Now think of this in terms of marriage – are you addicted to the feeling of romance? If so, what happens when those positive and exciting feelings fade?
The term for marital romance is called limerence. Limerence encompasses sexual attraction, adoration, and sometimes even obsessiveness. John Gottman, one of the foremost authorities on all things marriage, suggests that this feeling of limerence lasts only two years. Two years. When most people get married,
rarely do they think, “Well, in two years, when this feeling is over, I will just get divorced and find a new spouse.” Most people assume that this strong loving feeling is something they will experience the rest of their lives with their spouse. Gottman suggests otherwise. He says this strong attraction is a phase. While this phase is very important when choosing your mate, it is not something that should be viewed as a permanent stage of marriage.
SO, WHAT HAPPENS WHEN THOSE ROMANTIC FEELINGS GO AWAY?
Hello, reality check.
- You start to notice that your spouse’s cute grinding noise they make when they sleep actually bothers you, like, a lot.
- You notice that your spouse is always late. You used to joke about it, but now it is just starting to get annoying and inconsiderate.
- You start to wonder if your spouse is really as good as you thought, like maybe you were just tricked into this marriage, or that you were naïve and young, and now you know better.
So then, you start looking around.
I think you know where I am going with this.
Before you get down in the dumps about the inevitable decline of your constant and strong attraction to your spouse, consider this thought: If limerence is just a phase, maybe the next phases will be even better, if you work to make them so.

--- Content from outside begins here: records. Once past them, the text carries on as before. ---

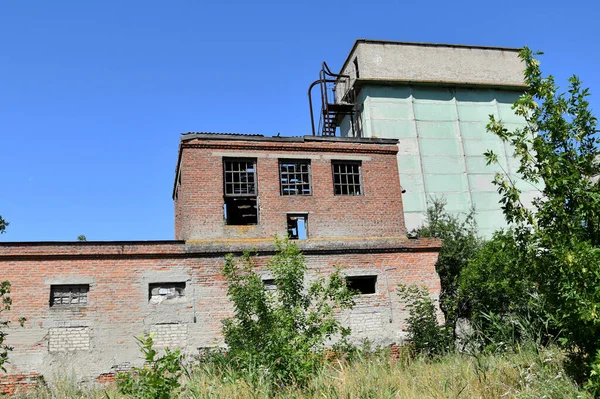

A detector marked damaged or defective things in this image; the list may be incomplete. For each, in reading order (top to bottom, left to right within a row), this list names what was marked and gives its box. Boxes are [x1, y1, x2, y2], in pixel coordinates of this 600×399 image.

rusty metal staircase [308, 61, 358, 138]
broken window [221, 159, 256, 225]
broken window [278, 160, 312, 196]
broken window [330, 160, 364, 196]
broken window [286, 214, 308, 239]
broken window [49, 286, 89, 308]
broken window [148, 284, 185, 304]
broken window [346, 276, 376, 296] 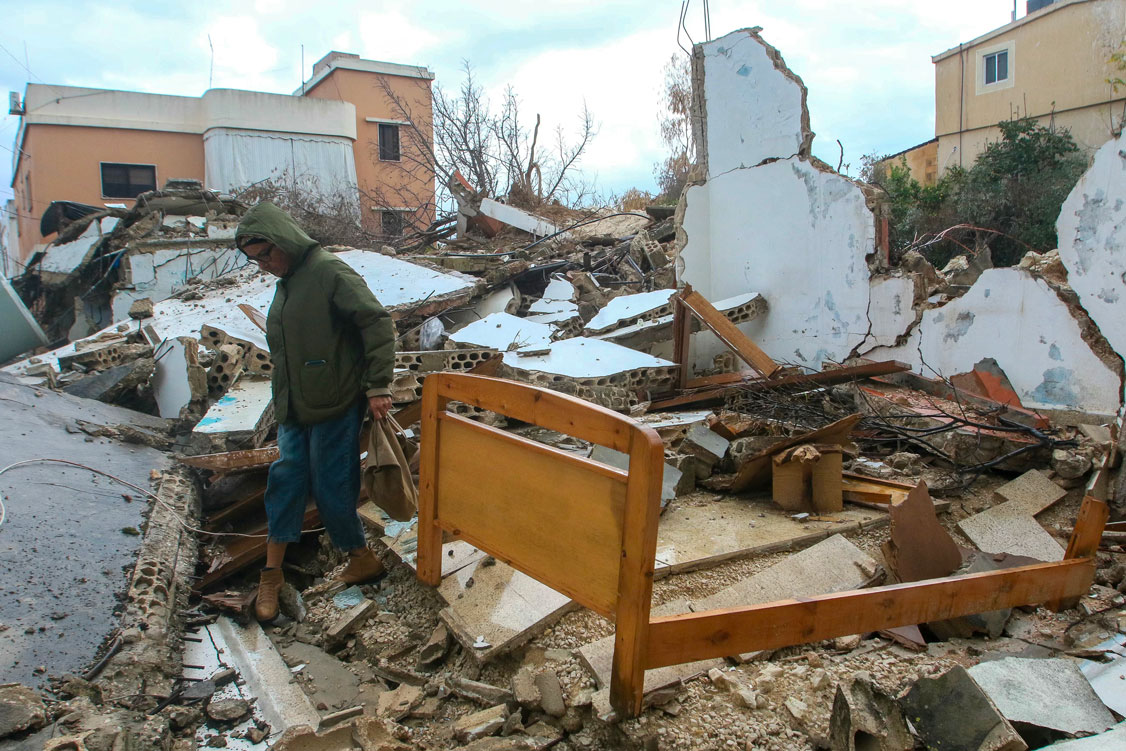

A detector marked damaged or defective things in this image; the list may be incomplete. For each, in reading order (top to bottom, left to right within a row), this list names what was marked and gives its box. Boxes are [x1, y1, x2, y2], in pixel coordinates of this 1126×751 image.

broken concrete slab [1053, 130, 1126, 362]
broken tile [878, 481, 959, 580]
broken concrete slab [882, 481, 963, 580]
broken concrete slab [959, 502, 1062, 560]
broken tile [959, 502, 1062, 560]
broken concrete slab [999, 470, 1067, 517]
broken tile [999, 470, 1067, 517]
broken concrete slab [896, 666, 1031, 751]
broken tile [896, 666, 1031, 751]
broken concrete slab [968, 657, 1116, 738]
broken tile [968, 662, 1116, 738] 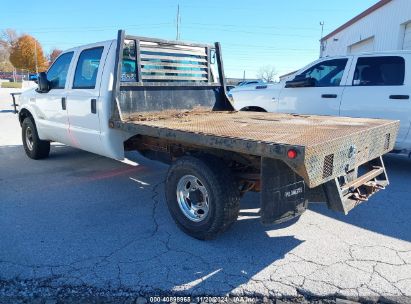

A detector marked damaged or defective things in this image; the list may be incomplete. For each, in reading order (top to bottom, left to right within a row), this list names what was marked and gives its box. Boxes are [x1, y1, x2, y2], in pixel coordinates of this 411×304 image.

cracked pavement [0, 89, 411, 302]
rusty flatbed deck [112, 110, 400, 189]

I mean, it took work to date your spouse before you got married, right? Maybe not hard work, and most likely really enjoyable work, but it still took effort, sometimes even at the expense of other important friendships and commitments.
If you want to transition smoothly into future marital phases, then build a strong foundation that you can always go back to when times get difficult.

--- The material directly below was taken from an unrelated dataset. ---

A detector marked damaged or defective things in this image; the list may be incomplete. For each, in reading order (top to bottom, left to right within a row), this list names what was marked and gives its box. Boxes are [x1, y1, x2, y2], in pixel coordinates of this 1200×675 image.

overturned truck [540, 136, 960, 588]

Here are some suggestions inspired by the John Gottman blog:
Share the Why
Share your fondness for your spouse beyond the words “I love you,” or “I admire you.” Actually tell your spouse why you love them and why you admire them. Use specific situations like, “I love it when you hold my hand in public. It makes me feel like you are happy for other people to see how in love we are.”
Don’t Underestimate the Value of Appreciation
Tell your spouse that you appreciate him or her for specific things they have done. One instance might be, “I noticed yesterday that you did the dishes for me when I was stressed out, and that made me feel really good. Thank you.” But, additionally, thank them for things that they are. Saying something like, “I appreciate that you are relaxed about the traffic jam,” is something that could go a long way towards nurturing your marriage.

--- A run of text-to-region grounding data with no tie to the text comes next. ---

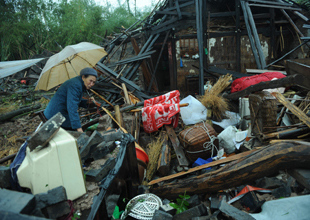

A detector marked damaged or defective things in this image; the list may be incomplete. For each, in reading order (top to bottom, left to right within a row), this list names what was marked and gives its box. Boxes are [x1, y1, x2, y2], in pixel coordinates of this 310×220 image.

torn cloth [142, 90, 180, 133]
splintered wood plank [272, 92, 310, 128]
splintered wood plank [165, 125, 189, 167]
splintered wood plank [149, 150, 256, 186]
broken wooden beam [151, 141, 310, 199]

Validate Your Partner’s Feelings
Okay, okay, you’ve heard this A LOT. But really, it does wonders on both you and your partner’s moods. By acknowledging that your spouse is upset or sad, it shows that you care about their feelings, and it helps to combat contempt – which is a huge marriage killer. Contempt is not something you feel often in that honeymoon stage of marriage, but it gets its way when you start to notice all of the imperfections in your partner. Creating a habit of validation will be a stronghold in your marriage when things get tough.
Learn to Speak Your Partner’s Love Language
Part of nurturing your marriage involves concentrating on the things that benefit you and your spouse. You may love it when your spouse gives you a massage, but does your spouse love it, too? What speaks to him or her? What is your spouse’s love language? Making a consistent routine of giving your partner more of what he or she wants and needs to feel loved will make it easier when the cloud of limerence starts to lift.
If you think that you might be starting to lose sight of the honeymoon phase, or have long since passed out of it, don’t forget that it isn’t a bad thing if you are willing to make positive choices that will perpetuate your deep love for one another. Apply the above principles and strategies to your marriage starting today, and you will not regret it. Plus, you may find that a deeper kind of romance and devotion starts to settle in, a kind of love that can last well past two years.